In the native data, the indirect object consisted of a single pronoun in all cases of DO except

two (the Oi in bold font):

(22)

(17)

in December <XX> give children presents <\B>

(18)

[ <laughs> <X> no said right er well we'll give that one a miss then <\B>

In both cases, the Od and Oi were simple and equal in length (1:1 for (17) and 2:2 for (18)).

When the Oi was not a single pronoun in the DO construction, there was equal length between the two object constituents in the learner data (both objects in bold font):

(19)

ma= (mm) give people strength <overlap /> people who like . can't really find their

(20)

<breathes> and Lars Norén is so . good with with all these things because he . sort of (em) all of a sudden he gives the audience a joke <overlap /> <breathes>

In (19) the ratio is 1:1, and in (20), the ratio is 2:2.

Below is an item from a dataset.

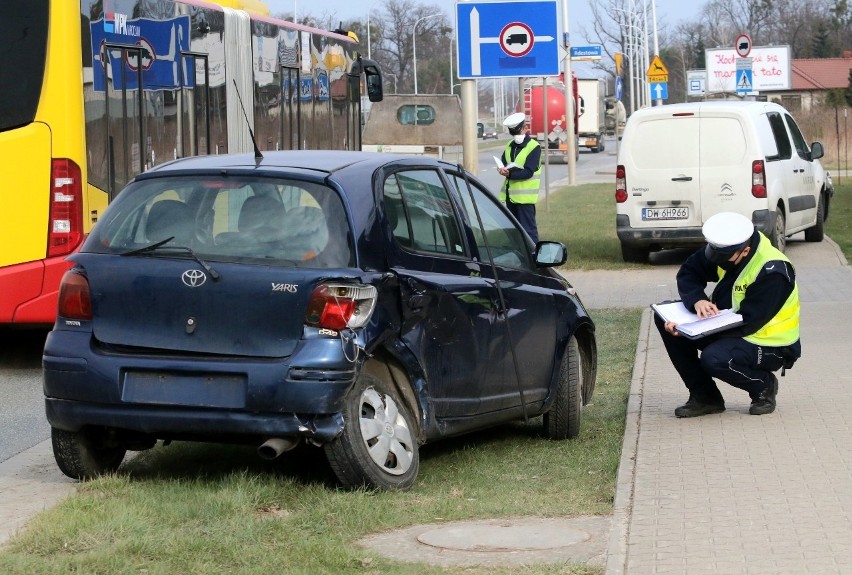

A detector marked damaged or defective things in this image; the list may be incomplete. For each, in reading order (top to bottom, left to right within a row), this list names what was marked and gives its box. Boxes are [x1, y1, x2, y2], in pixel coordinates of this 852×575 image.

damaged toyota yaris [41, 150, 600, 490]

There was one interesting case of reference in the native data where the Oi in a DO construction provided a new description for a previously mentioned entity. The whole paragraph is given for context (the entire DO construction in bold font):

(21)

so she sits down again and then he paints what he doesn't see and he paints this . pretty woman who's smiling and looking friendly and . happy with life and she gets up and she's very very happy with that and she gives the little man his money and she goes back to show her friends and her friends are a little bit surprised because of course when stood next to the portrait they don't look quite the same <\B>

In this data, the native speaker made up a story around some pictures. Figuring in the story

were a woman and a man, who painted two portraits of the woman. Thus, he in the data

referred to the man, which was established at least three times prior to the marked part. The

speaker then used the little man to refer to the same entity that had previously been described

as he; providing a new description of an already given entity. This utterance differs from the

other DO data in that shift is impossible (see chapter 6: Analysis and discussion).

(23)

6. Analysis and discussion

As seen above, only one instance of HNPS was discovered in the learner data and none at all in the native data. Clearly, the speakers preferred unshifted word order even in sentences with at least relatively heavy mid-positioned NPs. These results do not adhere to the end-weight principle, but rather appear to be evidence in support of earlier postulations (Stallings et al.

1998) that neither length nor complexity are necessarily always enough to trigger HNPS, not even when they occur together, as other factors may be involved.

There were some similarities between the learners’ and the natives’ speech: namely, preference for using double object order over prepositional order. The preference was stronger in the native data, a ratio of 17:9 in the learner data, and 38:5 for the native, although influence from the difference in size between the corpora cannot be ruled out. As Hawkins (1994) claims that the prepositional order is the underlying basic structure, it is interesting that there seems to be much fewer instances of this order. On the other hand, a change of structure into the double object order is very likely to occur if the (underlying) prepositional phrase is very short. Since most of the DO instances found were very short prepositional phrases, 76 % for learners and 86 % for natives (see examples 15 and 16, p. 21), these findings are well in line with such postulations. Again, the sizes of the corpora may have had some impact on the result. However, placing in final position a direct object that is longer the indirect object does follow the end-weight principle.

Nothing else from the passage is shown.